(К 35-летию со дня смерти замечательного поэта)
Закружатся турбулентно закрученные, и вместе такие ясные, лирически насыщенные строчки, полетят они над землей, вызывая ассоциации то со снегом, то с листвою, срываемой осенним ветром:
...Зачем изъясняться словами,
кричать и трясти головой?..
Деревья маячат ветвями,
что ветер идет верховой.
...Зачем выдираться из кожи,
рвать счастье из призрачной мглы?..
Скала неподвижна, и все же
ее посещают орлы.
Мелькнет, утвердившись, афоризм, и мы поймем, что в дебрях метафизического покоя, сопоставимого со скалой, могут посетить мысли высоты.
Или ощущения…
Жизнь – можно истолковать, как цепочку ощущений.
Едва ли Аркадий Кутилов истолковывал жизнь, он проживал ее: яростно и быстро, неистово, и… может быть, умно…
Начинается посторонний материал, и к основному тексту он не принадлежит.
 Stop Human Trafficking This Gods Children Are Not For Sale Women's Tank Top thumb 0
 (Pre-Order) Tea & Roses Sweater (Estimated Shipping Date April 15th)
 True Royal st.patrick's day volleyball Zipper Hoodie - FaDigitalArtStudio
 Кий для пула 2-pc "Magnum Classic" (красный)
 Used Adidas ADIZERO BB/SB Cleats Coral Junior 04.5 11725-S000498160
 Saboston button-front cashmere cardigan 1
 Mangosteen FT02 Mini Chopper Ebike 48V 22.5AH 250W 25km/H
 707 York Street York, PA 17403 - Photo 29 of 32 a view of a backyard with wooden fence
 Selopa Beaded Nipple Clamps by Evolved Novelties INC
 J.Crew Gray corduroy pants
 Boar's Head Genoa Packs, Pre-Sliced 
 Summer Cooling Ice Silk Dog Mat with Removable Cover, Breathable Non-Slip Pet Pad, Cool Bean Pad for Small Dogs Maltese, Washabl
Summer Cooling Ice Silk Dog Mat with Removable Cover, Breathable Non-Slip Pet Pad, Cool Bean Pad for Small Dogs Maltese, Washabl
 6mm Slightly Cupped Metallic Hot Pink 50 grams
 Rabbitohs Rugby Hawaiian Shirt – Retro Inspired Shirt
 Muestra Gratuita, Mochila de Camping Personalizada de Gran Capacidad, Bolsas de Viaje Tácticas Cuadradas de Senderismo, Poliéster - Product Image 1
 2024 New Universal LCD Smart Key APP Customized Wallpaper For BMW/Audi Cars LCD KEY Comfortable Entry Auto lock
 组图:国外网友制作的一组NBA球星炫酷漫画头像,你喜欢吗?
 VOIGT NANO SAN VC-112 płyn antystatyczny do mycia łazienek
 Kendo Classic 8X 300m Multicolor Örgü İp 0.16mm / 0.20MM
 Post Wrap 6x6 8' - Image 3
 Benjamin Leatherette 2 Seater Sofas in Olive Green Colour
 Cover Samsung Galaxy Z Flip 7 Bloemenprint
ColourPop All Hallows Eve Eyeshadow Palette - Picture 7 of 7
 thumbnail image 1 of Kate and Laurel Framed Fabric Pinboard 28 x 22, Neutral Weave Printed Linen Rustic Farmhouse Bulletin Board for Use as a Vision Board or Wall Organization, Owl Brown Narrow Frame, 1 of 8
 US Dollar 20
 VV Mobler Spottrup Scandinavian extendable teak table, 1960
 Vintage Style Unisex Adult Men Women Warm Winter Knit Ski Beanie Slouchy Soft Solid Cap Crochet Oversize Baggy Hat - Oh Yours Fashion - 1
Кто сможет избрать самый умный вектор, и следовать ему все годы?
В Кутилове было нечто от Франсуа Вийона: без его преступлений, разумеется: тот же размах, неистовство, с русскими акцентами, та же жажда свободы: бесконечной, окончательной, ярой…
Русская свобода всегда отчасти вольница: казаки, Стенька, Пугач…
Есть нечто и от этого в жизни и стихах Кутилова.
Есть яркие, – точно восточные, с узорами, обозначающими тайнопись судьбы ковры, словно раздранные русским захлёбом, – чтобы из клочков сложить новое, целостное.
Свобода, целостность – какие привлекательные слова! Одни из лучших в арсенале русской речи.
Кутилову хотелось обресть и то, и другое, возможно и обретал, перевоплощаясь в стих, изгибаясь под его напряженным током, чтобы возникло:
Идет полями и лесами,
идет ромашковым ковром –
мужик с невинными глазами,
с фамильным тонким топором.
Душа в лирической истоме,
в мазутной неге сапоги…
Ах, как это по-нашему! С каким удальством!
Темы Кутилова варьировались – всегда оставался неподражаемый, неповторимый атомарный состав стиха.
Группа крови свободолюбца не совпадает ни с какой другой – именно потому пришлось хлебнуть Аркадию Кутилову лиха в жизни, изведать ее сполна, до леденящих прожилок, именно потому он замерз насмерть в скверике около Омского транспортного института в конце июня 1985-го.
Но стихи его, брызжущие спиртом жизни, кипящие расплавленным оловом огромного таланта, не замерзнут никогда.